== Recorded data ==
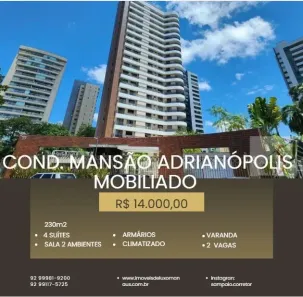 Apartamento com 4 Quartos para alugar, 240m² no Aleixo, Manaus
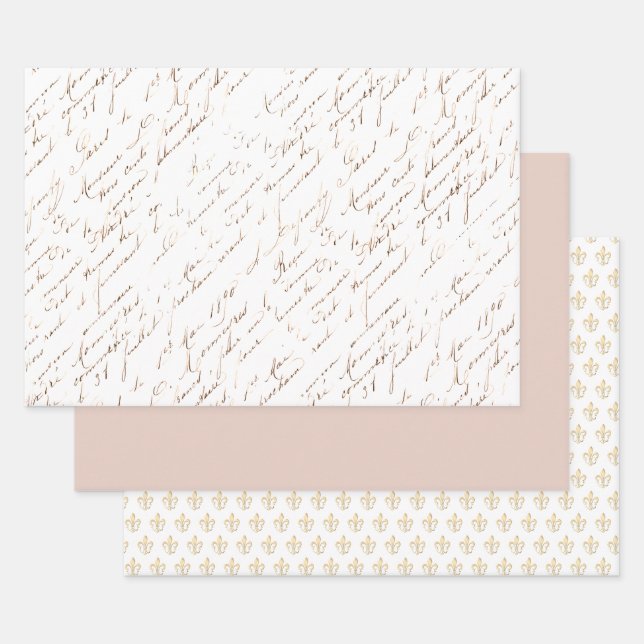 French Script Fleur de Lis Rose Gold Blush Pink Wrapping Paper Sheet (Set)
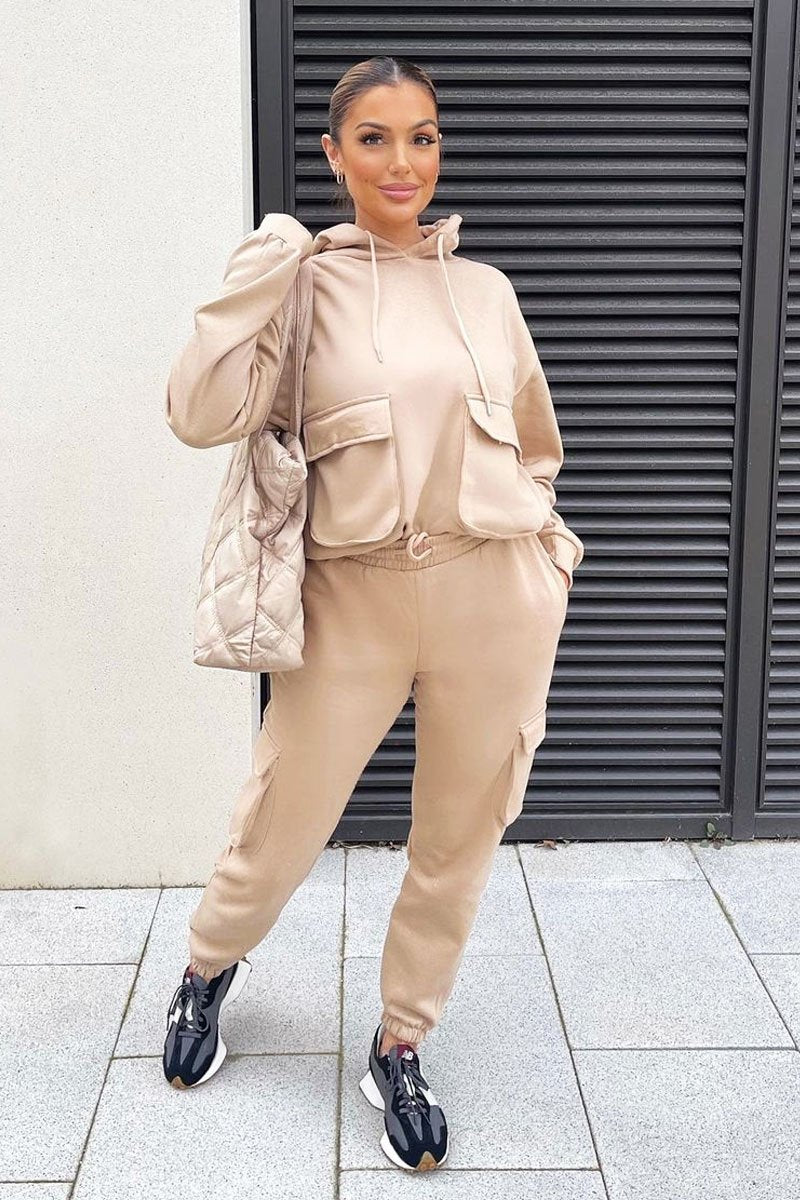 Beige Cargo Pocket Hoodie and Joggers Tracksuit - Aafiya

== Problem ==
Pictures are not part of the copy. Restate everything else in the listing word for word.

== Exercise answer ==
 Apartamento com 4 Quartos para alugar, 240m² no Aleixo, Manaus
 French Script Fleur de Lis Rose Gold Blush Pink Wrapping Paper Sheet (Set)
 Beige Cargo Pocket Hoodie and Joggers Tracksuit - Aafiya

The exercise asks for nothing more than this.